I have always been confused about where 'the stack' is implemented. I know about the typical memory layout for a process (at least on Unix-like systems) but I've always wondered what actually sets the structure of that layout. Is it the operating system? The compiler? If it is, then I don't understand how the x86 ISA can have a push instruction; wouldn't this mean that some kind of stack must exist before any OS is even loaded?

CodePudding user response：

In mainstream OSes, the OS maps some stack memory and enters user-space with RSP pointing near the top of that mapping.

But that's a design choice, not a necessity. An OS could require user-space processes to lea rsp, [rel top_of_some_bss_array] or whatever early in _start, before running any instructions that use the stack. (And before installing any signal handlers or anything else that could asynchronously use RSP.)

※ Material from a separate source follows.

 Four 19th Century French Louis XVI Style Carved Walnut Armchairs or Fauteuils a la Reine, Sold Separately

(In a protect-mode or 64-bit OS, the kernel normally sets things up so hardware interrupts use a separate kernel stack, not the user-space stack pointer, for security reasons. But if not, or in 16-bit DOS, having a valid stack pointer at all times was important unless you disabled interrupts. )

For example in Linux: Analyzing memory mapping of a process with pmap. [stack] discusses how the initial stack grows, but how that magic only works for the main thread's stack; new threads in the same process do need you (or the thread library) to manually mmap some space. But the thread-creation system call, clone, takes an arg for what to set the new thread's stack pointer to. So the API is still designed around every task (thread) having a valid stack pointer before it starts.

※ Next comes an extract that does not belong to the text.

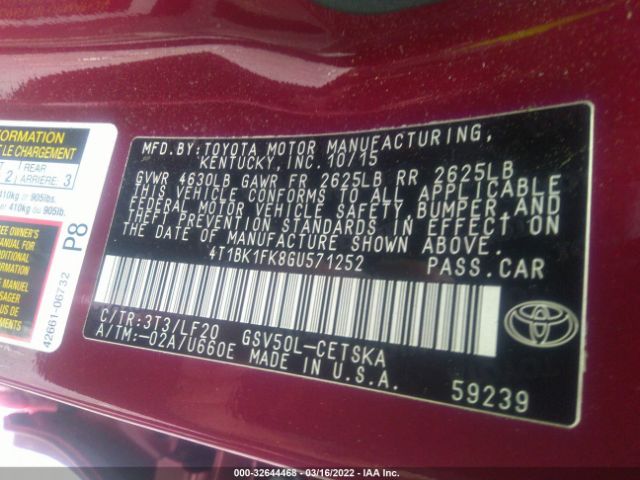 Photo 8 VIN: 4T1BK1FK8GU571252 - TOYOTA CAMRY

Also related: Beginning of stack on Linux - the Linux kernel randomizes the initial stack pointer. It also uses stack space to pass argc, argv, and envp to user-space, along with storing the pointed-to arg and environment strings.

Instruction can exist that require some setup to use.

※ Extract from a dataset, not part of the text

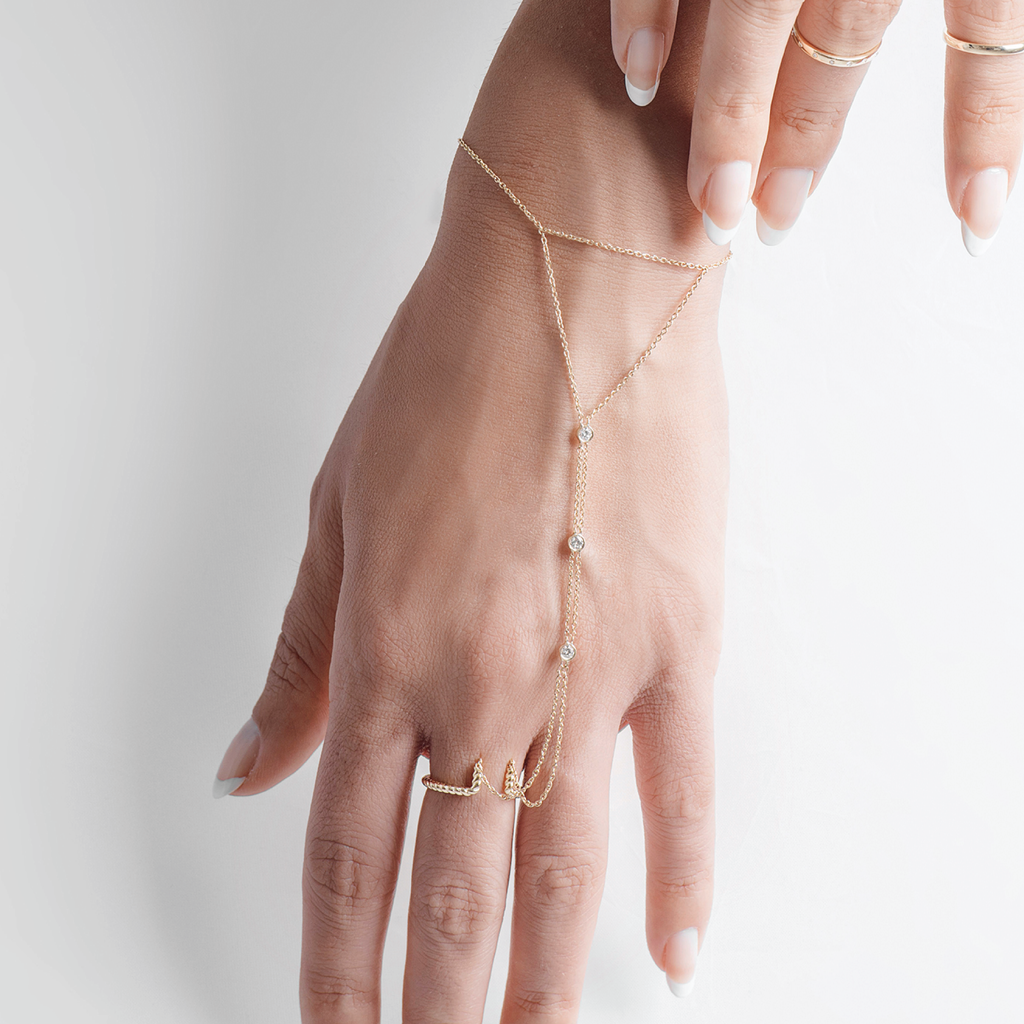 3 Diamond Finger Bracelet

For example, at power-on in an x86 CPU, rsp holds 0, or at least esp on Intel; see comments. (The machine boots in 16-bit unreal mode, so only ss:sp is initially relevant). A push would wrap to ss:FFFE.

The BIOS code at the reset vector should set ss:sp to point somewhere before running any push or pop, or call/ret, or enabling interrupts (which will asynchronously use the stack). I assume the system boots with IF=0 because software won't yet have stored an interrupt table and used lidt. (This code I'm talking about is in the BIOS itself, before your own code could run via UEFI or as a legacy BIOS MBR bootloader.)

Similarly, the existence of xlat doesn't imply that RBX is always a valid pointer. Don't put an xlat in your code where it will run when RBX isn't a valid pointer, though!
Or just don't use it, since it's not very fast. Same for loop, RCX isn't always a valid loop counter. And again, it's not fast except on recent AMD CPUs; prefer dec ecx / jnz.

For convenience and efficiency, it works much well to have the OS just provide a stack mapping, instead of requiring the process to allocate its own stack in the BSS, or with an mmap system call or something. It's assumed that every process will want a stack, so might as well just have that set up ahead of time before entering user-space.

CodePudding user response：

If we think of say windows, linux, macos, etc. The operating system will have rules for binary file formats, it will have a loader that loads the binaries that it supports and it may also be known for example does the application need to initialize .data and .bss or will the operating systems loader zero .bss for you based on entries in the binary?

But also the memory space for a typical application.

Then when you or someone builds say for example gcc or llvm toolchain for this operating system and target (x86, arm, etc) it is also building knowing the target operating system, defaulting, ideally, to the preferred binary format. The gnu c library will be specific to that operating system and so on.

So while it may seem that I just download a pre-built windows gnu toolchain or I download a pre-built linux toolchain and they both have gcc and other tools. Those two builds are quite different with respect to the backend of the C library and how the binaries are built (linker script, etc).

The stack space is ultimately your responsibility as the programmer, as well as heap, .text, etc. And if you are doing bare metal for an mcu you may or may not see this (a lot of folks use the canned vendor stuff and here again do not see what is going on). But almost every one uses pre-built toolchains or even if you build your own say gnu or llvm from sources, you will still likely get the defaults prepared for you by someone else that match the operating system environment.